La présente définition exclut :

[...]

t) les services visés par règlement.

“ police d'assurance ”

a) Police ou contrat d'assurance (sauf une garantie portant sur la qualité, le bon état ou le bon fonctionnement d'un bien corporel, lorsque la garantie est fournie à une personne qui acquiert le bien à une fin autre que sa vente) établis par un assureur, y compris :

(i) la police de réassurance établie par un assureur,

(ii) le contrat de rente établi par un assureur ou le contrat établi par un assureur qui serait un contrat de rente sauf que les paiements qui y sont faits :

(A) sont payables périodiquement à des intervalles dépassant, ou ne dépassant pas, un an,

(B) varient selon la valeur d'un groupe déterminé d'éléments d'actif ou selon la fluctuation des taux d'intérêt,

(iii) le contrat établi par un assureur, aux termes duquel tout ou partie des provisions de l'assureur pour le contrat varient selon la valeur d'un groupe déterminé d'éléments d'actif;

b) police ou contrat d'assurance-accidents et d'assurance-maladie, que la police soit établie, ou le contrat conclu, par un assureur ou non;

c) cautionnement de soumission, de bonne exécution, d'entretien ou de paiement établi relativement à un contrat de construction.

“ assureur ” Personne titulaire d'un permis ou autrement autorisée par la législation fédérale ou provinciale à exploiter une entreprise d'assurance au Canada, ou par la législation d'une autre administration à exploiter une telle entreprise dans cette administration.

Règlement sur les services financiers (TPS)

Services

4. (1) Les définitions qui suivent s'appliquent au présent article.

“ effet ” Argent, compte, pièce justificative de carte de crédit de paiement, ou effet financier.

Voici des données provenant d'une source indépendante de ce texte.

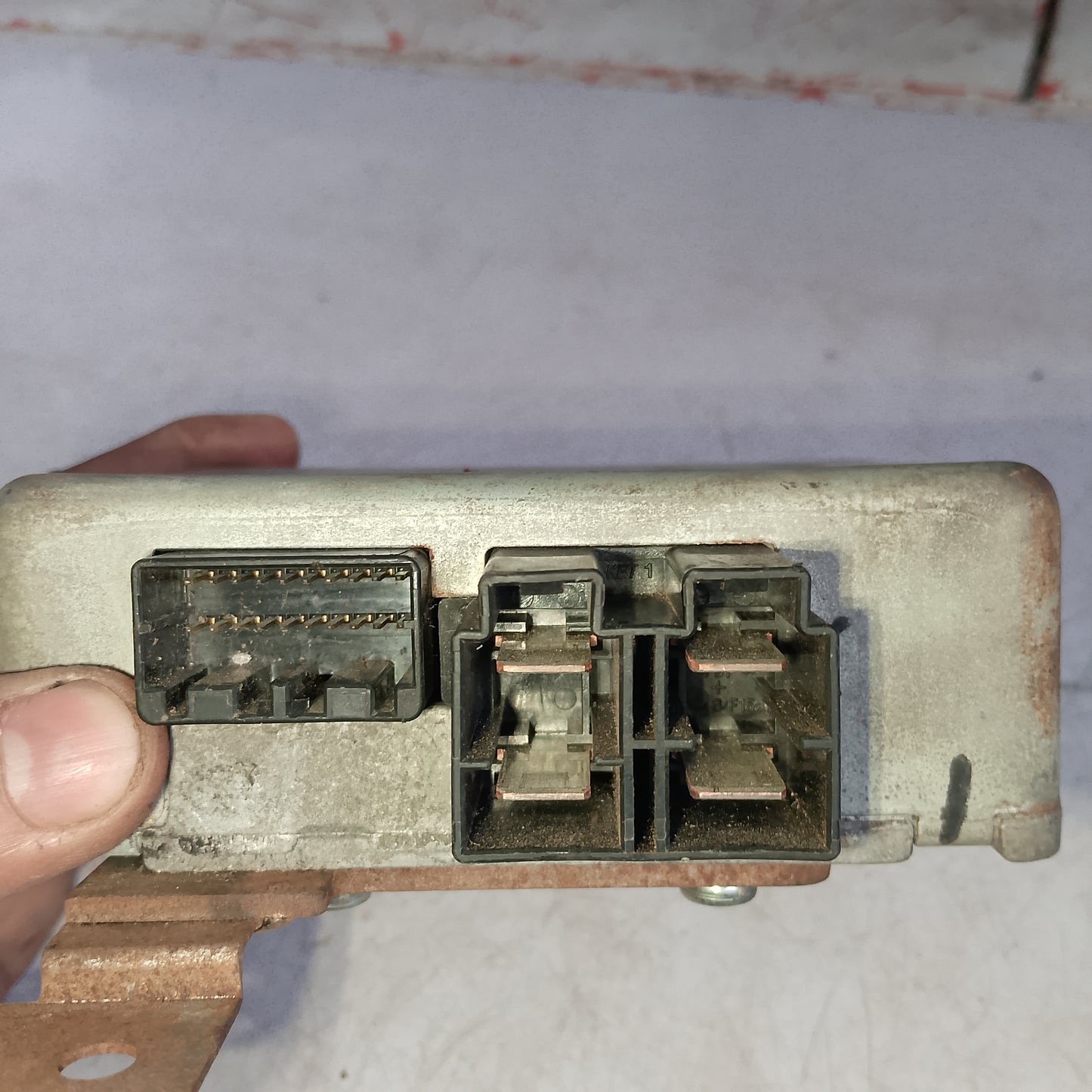 EPS Control Module | Accent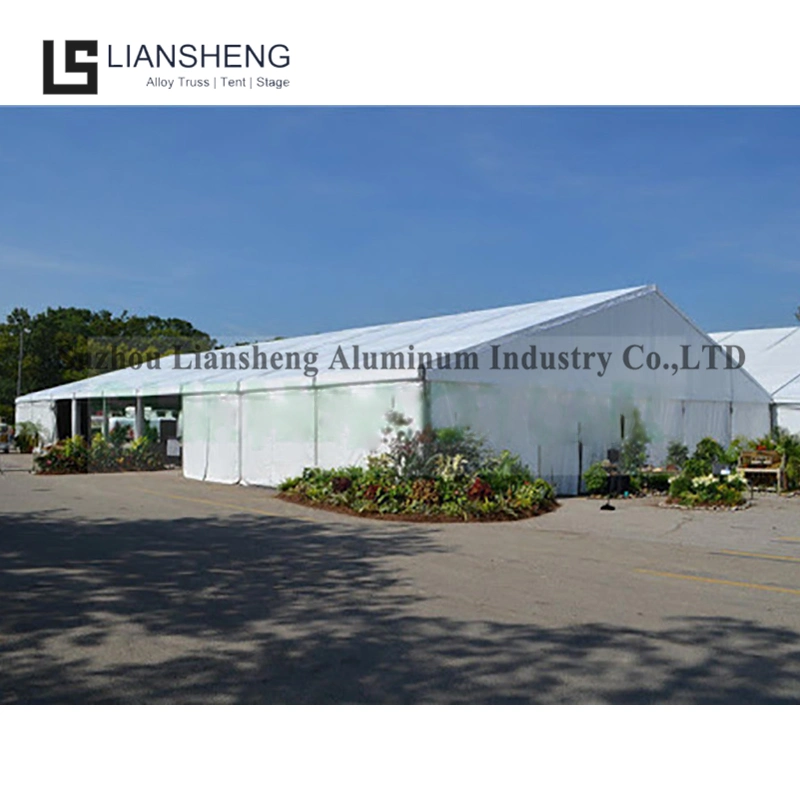 Cheap Price Party Wedding Tent for Events / Industrial Storage Tent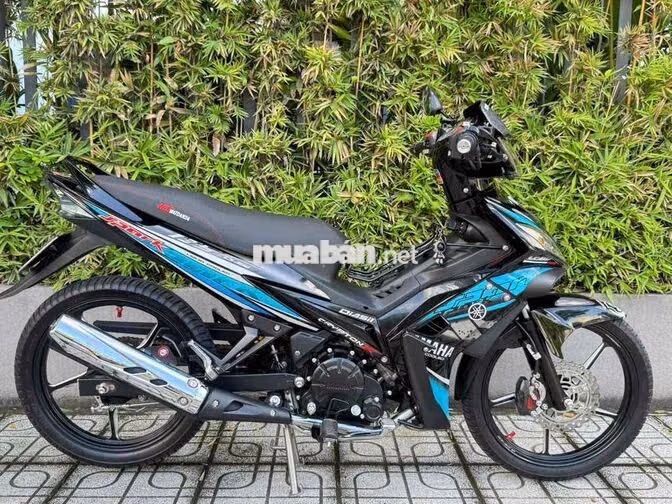 Exciter up 2010 full đồ chơi ( nậu xớ tt 18tr nhận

“ personne à risque ” Personne exposée à un risque financier fait de la propriété, de l'acquisition ou de la délivrance d'un effet à l'égard duquel un service mentionné au paragraphe (2) est offert, soit d'une garantie, d'une acceptation, d'une indemnité se rapportant à cet effet.

(2) Sous réserve du paragraphe (3), pour l'application de l'alinéa t) de la définition de “ service financier ” au paragraphe 123(1) de la Loi, sont visés les services suivants, sauf ceux mentionnés à l'article 3 :

a) ...

b) les services administratifs, y compris ceux reliés au paiement ou au recouvrement de dividendes, d'intérêts, de capital, de créances, d'avantages ou d'autres montants, à l'exclusion des services ne portant que sur le paiement ou le recouvrement.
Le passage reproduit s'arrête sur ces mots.